In 1993 he started own solo unit Rev under Zain Records from Being Inc. recording company. On April he made major debut with single Amai Kiss Kiss, in media it was used as a commercial song for Miki Corporation's Camellia Diamond. The single reached No. 8 on Oricon Weekly Charts, charted for 9 weeks and sold more than 195,000 copies. On June, Masayuki participated in collaboration single Hateshinai Yume wo with Zard, the members of Wands and Zyyg as vocalist and as composer. The single was used as a theme song for NTV television sport program Geki Kuukan Pro Yakyuu93. The single was recorded for the first time on the Zard compilation album ZARD BEST The Single Collection: Kiseki in 1999. On October his second single Dakishimetai entered to Top 5 of Oricon Weekly Chart, selling more than 230,000 copies making it the biggest hit from his REV career. In media it was used as commercial song for Lottes product Crunky Stick. On December he released debut album Rev, the album charted #7 on Oricon Weekly Charts. sold more than 156,000 copies and charted over 10 weeks. The album includes self-cover version of Hateshinai Yume wo under subtitle Rev version.
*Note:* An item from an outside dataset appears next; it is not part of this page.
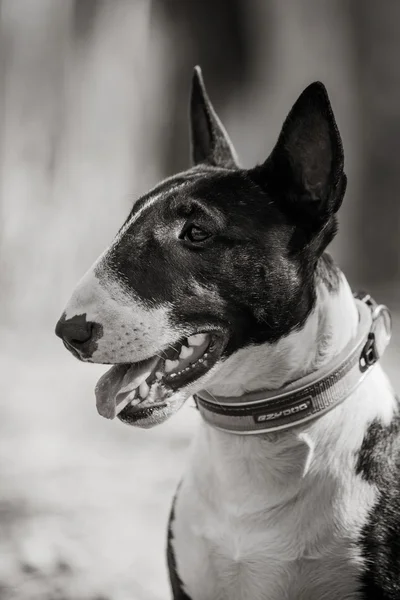 Perro raza Pit Bull Terrier caminar — Foto de Stock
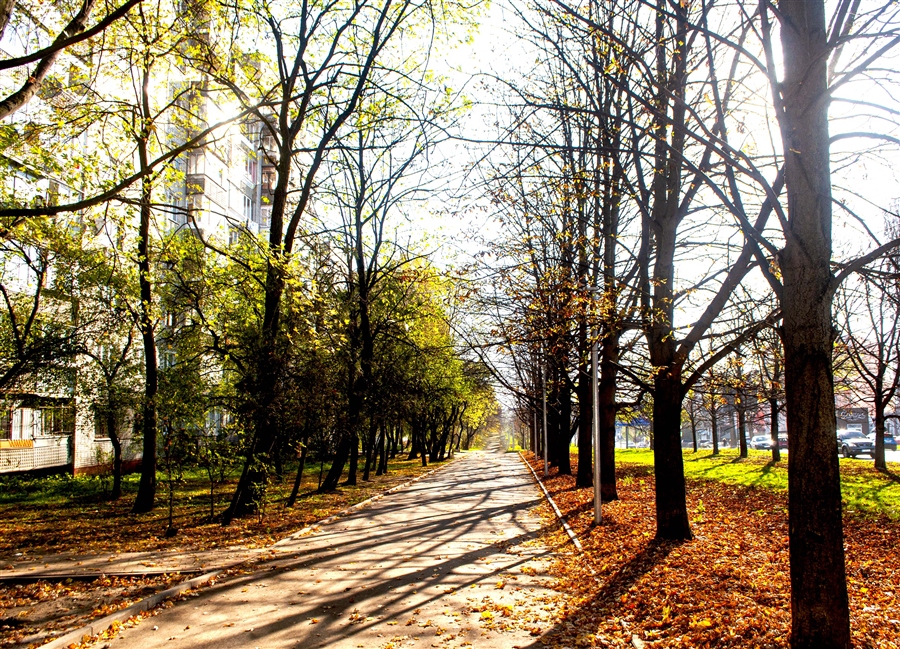 Фото жизнь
In February 1994 the third single Ikusen no Jounetsu was used in media as an opening theme for Tokyo Broadcasting System Television music program Count Down TV. The single sold only 99,000 copies which makes the lowest sells from the whole career. On September Masayuki releases his final single Break Down. In the media it was used as a commercial song for Pioneer Corporation's carrozzeria. With this final single on September he made his first and the last media appearance on music program Music Station. On the same month he releases his second and final studio album Moon with total 88,000 copies sold. On November he held three times his first and last live Live Mode. After then activities under name Rev has disappeared.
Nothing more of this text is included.